In order to analyze logs efficiently, they must be structured effectively. Often, logs from different sources label data fields differently and/or provide data that’s completely unstructured. The problem is that both types of data need to be structured appropriately in order to key in on particular elements within the log data, such as:
● Monitoring on source address
● Applying rules associated with user names
● Creating alerts for destination addresses
For data to be more useful (and usable), it needs to be organized so that it can be easily understood, queried, and analyzed. This need isn’t just an administrative undertaking—it’s an important log management strategy. And if done without planning, it can cause far-reaching and irreparable issues, creating more work and headaches down the road.
What’s the best way to approach structuring log data? Try these three steps.
1 – Get Management on Board
Getting management on board to help facilitate this process can be a challenge, but it’s vital to long-term success. Why? Without an understanding of how other groups will interact with the data, you’ll have difficulty identifying a schema that includes all types of information you’re likely to encounter in the future, not just today. Without management support, including a “rollout”schedule involving other groups, you may need to rework—and reapply—a new schema down the road, which means altering everything you’ve already done up to that point.
One way to get management on board is by sharing the business risks of proceeding without their support, demonstrating why it’s easier to do it correctly from the beginning. This risk plays out in two ways:
● Risk #1: By starting in isolation (i.e., doing it with only the needs of one group in mind), you pigeonhole what you’re able to do with the data and run the risk of not meeting the needs of all groups in the future.
● Risk #2: A bigger challenge is the possibility of having to redo your structuring efforts. The further along you are, the more that’s wrong, the more you’ll have to fix…and the greater the chance of not being able to fix it.
Once management lends its support, it’s critical to approach log structuring systematically with steps 2 and 3.
2 – Parse Log Information
Your log information needs structure in order to apply any level of analysis. Give data structure by parsing messages into discrete fields. Most log management systems offer several ways to parse information, including Regular Expressions, GROK parsers, JSON, CEF or Syslog.
3 – Standardize Field Names
Vendors often use different names for certain fields (e.g., “src_addr” vs. “src_address” vs.“source_addr”). It’s simply the same information labeled differently.
Leaving fields as vendors have labeled them makes it impossible to create straightforward data queries and forces you to be familiar with the nomenclature of every vendor. It also creates an unnecessary barrier between related data and causes inefficient storage.
To avoid this, standardize your field names. Start by mapping all variations of fields (src_addr, source_ip, SourceAddress, etc.) to a single field name and create a schema. If you’re doing this manually, run a query to discover your field sets. Then decide what the standard should be and rename like fields under a consistent field name.

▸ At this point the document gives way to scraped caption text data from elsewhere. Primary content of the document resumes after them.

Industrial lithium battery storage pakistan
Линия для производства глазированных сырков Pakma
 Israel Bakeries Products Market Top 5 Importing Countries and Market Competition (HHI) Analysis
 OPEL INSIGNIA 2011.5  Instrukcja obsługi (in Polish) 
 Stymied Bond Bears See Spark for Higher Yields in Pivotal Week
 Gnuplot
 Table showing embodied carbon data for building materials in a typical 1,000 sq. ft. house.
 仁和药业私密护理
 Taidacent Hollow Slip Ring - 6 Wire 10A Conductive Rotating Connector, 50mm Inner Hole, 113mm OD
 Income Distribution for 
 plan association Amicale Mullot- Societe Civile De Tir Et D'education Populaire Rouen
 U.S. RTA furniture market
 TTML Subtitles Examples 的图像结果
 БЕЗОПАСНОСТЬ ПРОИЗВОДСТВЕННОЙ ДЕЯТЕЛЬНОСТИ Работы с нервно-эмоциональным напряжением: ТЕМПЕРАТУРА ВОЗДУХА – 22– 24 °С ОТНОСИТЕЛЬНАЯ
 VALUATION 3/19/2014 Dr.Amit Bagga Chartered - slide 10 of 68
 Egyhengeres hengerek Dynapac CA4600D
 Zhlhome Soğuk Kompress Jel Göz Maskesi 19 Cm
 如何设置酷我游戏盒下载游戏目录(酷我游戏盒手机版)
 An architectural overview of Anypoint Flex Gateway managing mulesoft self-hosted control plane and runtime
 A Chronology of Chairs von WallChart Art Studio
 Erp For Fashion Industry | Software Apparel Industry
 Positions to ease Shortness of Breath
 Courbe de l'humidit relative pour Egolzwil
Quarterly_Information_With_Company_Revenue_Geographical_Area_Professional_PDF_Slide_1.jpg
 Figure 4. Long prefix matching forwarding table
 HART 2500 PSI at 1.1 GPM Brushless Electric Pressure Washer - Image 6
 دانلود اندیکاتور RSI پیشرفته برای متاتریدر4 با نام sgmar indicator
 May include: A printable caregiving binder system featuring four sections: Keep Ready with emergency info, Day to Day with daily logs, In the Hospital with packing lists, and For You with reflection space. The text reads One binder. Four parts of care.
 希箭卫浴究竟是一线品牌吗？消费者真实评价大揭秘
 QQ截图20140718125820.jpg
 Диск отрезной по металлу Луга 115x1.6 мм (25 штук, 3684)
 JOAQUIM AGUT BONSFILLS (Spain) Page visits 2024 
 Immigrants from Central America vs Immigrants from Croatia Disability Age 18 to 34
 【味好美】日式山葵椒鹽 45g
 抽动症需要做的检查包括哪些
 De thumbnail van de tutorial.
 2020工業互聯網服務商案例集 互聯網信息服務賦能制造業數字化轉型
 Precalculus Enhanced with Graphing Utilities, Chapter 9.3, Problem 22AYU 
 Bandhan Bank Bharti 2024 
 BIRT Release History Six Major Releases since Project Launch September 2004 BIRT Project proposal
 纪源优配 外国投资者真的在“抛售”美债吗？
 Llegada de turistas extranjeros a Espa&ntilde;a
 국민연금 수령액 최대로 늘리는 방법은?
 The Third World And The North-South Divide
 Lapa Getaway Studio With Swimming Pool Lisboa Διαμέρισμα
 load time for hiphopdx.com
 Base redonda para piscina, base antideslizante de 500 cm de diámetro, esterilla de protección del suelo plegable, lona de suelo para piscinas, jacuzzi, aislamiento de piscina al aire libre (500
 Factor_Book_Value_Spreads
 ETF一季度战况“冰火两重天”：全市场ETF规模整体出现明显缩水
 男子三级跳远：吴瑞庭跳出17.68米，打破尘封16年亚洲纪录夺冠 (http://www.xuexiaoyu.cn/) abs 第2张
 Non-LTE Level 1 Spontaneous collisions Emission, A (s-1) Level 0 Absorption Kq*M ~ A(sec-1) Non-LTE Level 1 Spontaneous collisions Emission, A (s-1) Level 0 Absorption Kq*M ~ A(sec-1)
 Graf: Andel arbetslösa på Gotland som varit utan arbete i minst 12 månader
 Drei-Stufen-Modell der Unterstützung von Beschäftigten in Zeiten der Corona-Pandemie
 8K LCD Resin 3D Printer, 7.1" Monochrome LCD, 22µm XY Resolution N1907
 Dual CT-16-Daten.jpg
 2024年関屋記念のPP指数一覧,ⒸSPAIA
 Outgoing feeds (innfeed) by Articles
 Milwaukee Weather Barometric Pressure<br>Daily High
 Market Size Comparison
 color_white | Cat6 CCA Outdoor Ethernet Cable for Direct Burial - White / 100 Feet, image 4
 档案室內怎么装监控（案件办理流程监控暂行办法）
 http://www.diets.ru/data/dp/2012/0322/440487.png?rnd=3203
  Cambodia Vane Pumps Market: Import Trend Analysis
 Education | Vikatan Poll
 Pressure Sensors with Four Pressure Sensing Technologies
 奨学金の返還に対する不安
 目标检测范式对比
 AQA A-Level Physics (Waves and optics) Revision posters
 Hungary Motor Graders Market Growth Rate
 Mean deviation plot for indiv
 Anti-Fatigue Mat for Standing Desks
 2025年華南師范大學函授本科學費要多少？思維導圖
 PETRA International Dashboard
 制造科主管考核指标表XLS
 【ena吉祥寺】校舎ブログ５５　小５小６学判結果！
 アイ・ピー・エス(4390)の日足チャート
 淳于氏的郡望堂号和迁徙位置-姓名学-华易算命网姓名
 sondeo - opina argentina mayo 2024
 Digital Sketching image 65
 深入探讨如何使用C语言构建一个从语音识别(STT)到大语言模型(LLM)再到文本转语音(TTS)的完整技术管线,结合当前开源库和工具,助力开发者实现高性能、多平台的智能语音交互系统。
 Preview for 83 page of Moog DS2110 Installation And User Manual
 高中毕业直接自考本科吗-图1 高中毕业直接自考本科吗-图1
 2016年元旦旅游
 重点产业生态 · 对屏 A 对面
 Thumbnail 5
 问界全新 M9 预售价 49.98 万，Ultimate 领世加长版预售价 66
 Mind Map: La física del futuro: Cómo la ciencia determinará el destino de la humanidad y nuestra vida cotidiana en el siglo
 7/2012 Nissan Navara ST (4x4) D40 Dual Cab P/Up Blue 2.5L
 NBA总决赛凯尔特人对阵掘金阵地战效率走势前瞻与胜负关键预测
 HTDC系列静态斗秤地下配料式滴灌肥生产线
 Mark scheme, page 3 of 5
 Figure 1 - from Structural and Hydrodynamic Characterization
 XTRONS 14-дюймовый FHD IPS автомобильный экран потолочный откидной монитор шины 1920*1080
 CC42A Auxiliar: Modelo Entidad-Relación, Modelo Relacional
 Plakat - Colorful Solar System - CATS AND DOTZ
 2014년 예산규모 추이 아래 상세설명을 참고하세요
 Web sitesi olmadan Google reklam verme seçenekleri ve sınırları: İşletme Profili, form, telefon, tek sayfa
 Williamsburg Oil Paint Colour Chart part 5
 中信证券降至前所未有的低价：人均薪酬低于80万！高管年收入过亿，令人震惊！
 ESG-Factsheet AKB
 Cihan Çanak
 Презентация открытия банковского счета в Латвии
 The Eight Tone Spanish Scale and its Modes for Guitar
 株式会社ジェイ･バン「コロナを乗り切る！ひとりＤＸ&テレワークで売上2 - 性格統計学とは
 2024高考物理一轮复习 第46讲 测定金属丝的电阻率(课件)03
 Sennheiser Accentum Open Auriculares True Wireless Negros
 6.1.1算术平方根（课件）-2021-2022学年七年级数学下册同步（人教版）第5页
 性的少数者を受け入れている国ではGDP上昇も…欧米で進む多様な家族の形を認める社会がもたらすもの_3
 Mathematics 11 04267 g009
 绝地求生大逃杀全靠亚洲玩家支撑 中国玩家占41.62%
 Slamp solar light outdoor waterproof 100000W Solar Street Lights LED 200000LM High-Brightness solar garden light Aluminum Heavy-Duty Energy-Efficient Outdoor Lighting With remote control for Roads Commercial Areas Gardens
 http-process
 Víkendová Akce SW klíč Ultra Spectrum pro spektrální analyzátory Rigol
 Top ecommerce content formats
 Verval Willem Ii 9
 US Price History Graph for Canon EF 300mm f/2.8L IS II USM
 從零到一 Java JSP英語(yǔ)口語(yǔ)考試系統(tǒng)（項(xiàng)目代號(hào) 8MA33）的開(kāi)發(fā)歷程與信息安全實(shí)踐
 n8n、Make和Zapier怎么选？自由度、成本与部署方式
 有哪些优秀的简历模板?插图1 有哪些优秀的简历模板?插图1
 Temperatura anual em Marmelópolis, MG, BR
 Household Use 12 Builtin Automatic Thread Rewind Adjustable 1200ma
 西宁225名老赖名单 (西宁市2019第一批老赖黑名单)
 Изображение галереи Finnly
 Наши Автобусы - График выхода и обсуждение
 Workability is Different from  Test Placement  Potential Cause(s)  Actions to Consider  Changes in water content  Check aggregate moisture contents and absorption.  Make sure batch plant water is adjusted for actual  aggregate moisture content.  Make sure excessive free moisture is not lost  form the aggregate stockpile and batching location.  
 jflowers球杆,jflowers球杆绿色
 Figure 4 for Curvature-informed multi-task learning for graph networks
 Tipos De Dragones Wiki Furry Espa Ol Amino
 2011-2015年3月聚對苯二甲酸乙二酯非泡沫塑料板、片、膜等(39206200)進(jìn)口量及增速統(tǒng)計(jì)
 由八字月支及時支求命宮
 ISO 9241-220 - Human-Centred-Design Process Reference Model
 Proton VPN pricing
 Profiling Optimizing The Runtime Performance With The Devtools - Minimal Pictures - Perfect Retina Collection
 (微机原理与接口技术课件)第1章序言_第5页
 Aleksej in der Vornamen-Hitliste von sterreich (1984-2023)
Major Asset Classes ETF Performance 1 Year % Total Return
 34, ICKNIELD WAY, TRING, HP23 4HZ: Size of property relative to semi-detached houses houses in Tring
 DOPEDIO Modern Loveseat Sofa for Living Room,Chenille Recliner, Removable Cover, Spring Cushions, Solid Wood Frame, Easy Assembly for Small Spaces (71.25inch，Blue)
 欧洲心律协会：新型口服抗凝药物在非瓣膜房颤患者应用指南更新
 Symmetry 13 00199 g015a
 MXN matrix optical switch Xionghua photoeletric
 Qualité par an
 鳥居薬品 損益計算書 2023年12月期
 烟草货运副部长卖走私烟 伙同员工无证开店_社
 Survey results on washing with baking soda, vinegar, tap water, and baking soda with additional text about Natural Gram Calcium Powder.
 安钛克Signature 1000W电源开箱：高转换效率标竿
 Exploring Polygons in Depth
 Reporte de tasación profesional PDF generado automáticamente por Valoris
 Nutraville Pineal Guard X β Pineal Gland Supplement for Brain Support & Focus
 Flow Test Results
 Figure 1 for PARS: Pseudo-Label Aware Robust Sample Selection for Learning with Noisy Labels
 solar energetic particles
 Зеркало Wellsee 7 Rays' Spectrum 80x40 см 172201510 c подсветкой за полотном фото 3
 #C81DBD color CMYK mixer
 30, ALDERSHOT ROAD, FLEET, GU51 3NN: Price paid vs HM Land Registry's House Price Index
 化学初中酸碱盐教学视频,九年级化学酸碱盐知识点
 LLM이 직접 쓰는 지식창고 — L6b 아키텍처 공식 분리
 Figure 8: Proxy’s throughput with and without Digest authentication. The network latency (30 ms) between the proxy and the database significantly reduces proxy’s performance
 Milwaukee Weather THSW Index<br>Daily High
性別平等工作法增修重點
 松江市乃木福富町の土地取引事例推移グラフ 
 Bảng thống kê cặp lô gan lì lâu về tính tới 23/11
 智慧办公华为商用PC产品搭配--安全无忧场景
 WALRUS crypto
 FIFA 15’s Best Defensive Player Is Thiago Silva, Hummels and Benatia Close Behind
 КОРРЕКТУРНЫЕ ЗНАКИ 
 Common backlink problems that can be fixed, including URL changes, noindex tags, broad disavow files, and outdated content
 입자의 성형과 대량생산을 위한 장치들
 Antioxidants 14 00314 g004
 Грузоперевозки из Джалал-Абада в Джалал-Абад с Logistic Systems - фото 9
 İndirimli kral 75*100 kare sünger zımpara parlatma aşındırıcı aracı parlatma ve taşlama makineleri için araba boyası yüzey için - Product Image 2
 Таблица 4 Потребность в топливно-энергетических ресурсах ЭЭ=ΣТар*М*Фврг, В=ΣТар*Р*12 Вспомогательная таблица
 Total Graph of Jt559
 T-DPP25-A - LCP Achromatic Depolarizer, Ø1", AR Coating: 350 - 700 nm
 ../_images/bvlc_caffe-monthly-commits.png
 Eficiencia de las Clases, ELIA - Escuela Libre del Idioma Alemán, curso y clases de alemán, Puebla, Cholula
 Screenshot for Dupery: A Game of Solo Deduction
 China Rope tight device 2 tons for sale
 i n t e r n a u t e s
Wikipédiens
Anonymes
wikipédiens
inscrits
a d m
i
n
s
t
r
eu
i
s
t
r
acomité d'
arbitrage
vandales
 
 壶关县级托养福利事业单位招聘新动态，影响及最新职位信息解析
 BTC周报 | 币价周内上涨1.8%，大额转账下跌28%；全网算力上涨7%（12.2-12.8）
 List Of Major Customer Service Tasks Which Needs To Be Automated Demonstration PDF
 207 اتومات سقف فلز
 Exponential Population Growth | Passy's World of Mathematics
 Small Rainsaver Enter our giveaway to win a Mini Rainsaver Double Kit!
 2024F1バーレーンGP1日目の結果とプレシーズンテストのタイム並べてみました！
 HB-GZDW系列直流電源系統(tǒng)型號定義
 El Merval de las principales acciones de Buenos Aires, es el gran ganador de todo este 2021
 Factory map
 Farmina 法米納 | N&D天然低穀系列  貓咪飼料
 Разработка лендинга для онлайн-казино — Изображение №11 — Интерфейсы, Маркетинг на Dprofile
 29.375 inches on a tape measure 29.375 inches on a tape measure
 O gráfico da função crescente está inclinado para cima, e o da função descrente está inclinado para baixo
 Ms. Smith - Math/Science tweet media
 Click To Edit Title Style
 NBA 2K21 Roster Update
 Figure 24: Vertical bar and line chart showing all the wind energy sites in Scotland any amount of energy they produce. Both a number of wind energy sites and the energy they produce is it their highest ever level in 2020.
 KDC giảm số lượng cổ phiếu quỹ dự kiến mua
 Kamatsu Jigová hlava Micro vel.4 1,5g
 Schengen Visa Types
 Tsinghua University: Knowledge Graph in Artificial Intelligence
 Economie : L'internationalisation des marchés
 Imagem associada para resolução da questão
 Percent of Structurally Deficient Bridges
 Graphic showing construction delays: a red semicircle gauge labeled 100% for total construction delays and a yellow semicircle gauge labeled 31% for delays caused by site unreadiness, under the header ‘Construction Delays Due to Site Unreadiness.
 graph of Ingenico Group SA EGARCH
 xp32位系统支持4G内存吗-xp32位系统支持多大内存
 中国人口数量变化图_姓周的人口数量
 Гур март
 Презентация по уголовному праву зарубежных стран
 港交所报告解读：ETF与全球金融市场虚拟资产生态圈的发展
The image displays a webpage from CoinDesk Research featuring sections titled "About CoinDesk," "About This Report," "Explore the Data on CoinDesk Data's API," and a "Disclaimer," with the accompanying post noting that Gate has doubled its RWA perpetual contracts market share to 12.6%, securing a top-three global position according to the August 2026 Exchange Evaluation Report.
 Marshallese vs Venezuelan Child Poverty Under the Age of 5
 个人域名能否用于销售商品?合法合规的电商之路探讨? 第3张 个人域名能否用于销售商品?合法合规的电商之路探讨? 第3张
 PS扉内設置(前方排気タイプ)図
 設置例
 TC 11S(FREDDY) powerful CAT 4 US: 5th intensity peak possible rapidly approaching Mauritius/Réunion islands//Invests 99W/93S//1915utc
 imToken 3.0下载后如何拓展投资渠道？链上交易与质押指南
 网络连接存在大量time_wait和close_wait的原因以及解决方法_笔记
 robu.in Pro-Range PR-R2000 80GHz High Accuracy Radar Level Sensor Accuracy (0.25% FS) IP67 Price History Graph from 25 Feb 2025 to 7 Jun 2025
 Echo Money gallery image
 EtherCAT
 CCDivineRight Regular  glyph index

This standardization ensures more streamlined querying, more efficient storage, and vastly improved and actionable analysis.
Conclusion
The point of generating log data is to be able to analyze it and use that information to make smart business decisions. Structuring logs effectively is an important strategy to ensure log data is efficient and accessible. Approaching it as a strategy—from getting management on board to creating an appropriate schema—allows you to meet the needs of every group today and tomorrow. Best of all, it saves you from the time and headache of reworking it down the road…something definitely worth avoiding.